The barn was constructed in 1737, on the estate of Richard Boyle, 3rd Earl of Burlington, near Parcevall Hall. The construction was organised by local agent William Taylor at a cost of £126 19s 5d. Taylor wrote to Boyle's national agent, Henry Simpson, "you'll doubtless think a large sum... however 'tis effectually done and is a very useful handsome and perhaps one of the best finished Barns in Craven". The barn was later divided into a cowhouse and a threshing barn, with some storerooms, and two haylofts above. In 1995, the barn was Grade II* listed, but its roof was partly removed, leading to its placement on the Heritage at Risk Register. In 2022, the barn was restored.

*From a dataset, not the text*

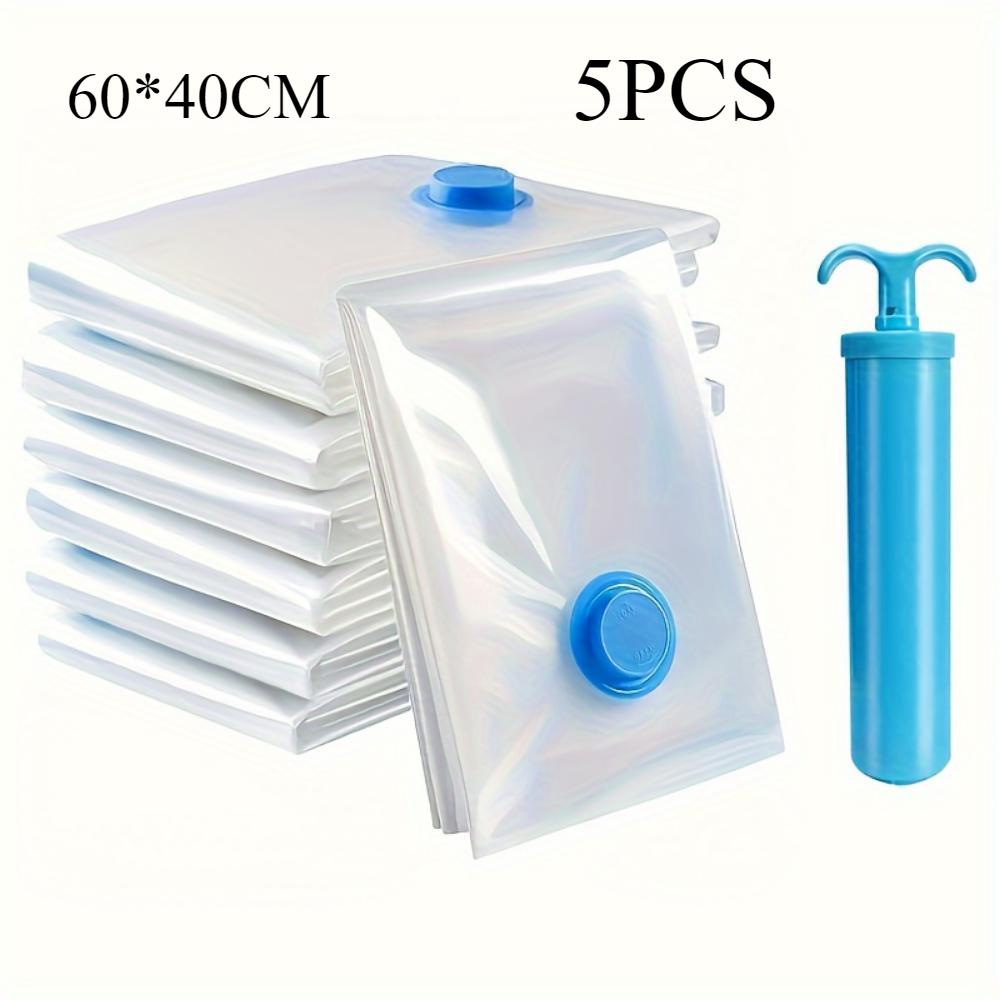 Balení 5 vakuových úložných pytlů s ruční pumpou - Opakovaně použitelné uzavíratelné plastové úložné pytle na oblečení, deky, ložní prádlo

The barn is constructed of limestone with gritstone quoins, and a slate roof. It is four bays long, and has an aisle on the north-east side. The front has an off-centre cart entrance, with an inscription "Mr H S 1737" above. There are also ventilation holes above the entrance. The south-east side is gabled and has two entrances and a ventilation slit, while the north-west side has a pitching window into the former hayloft in the gable. The rear has a roofed porch leading to a further cart entrance, with the aisle extending either side. There are four doorways and a further ventilation slit. The roof has three trusses with king posts, a traditional structure but one unusual in the local area. Two of the timbers are reused from a cruck frame.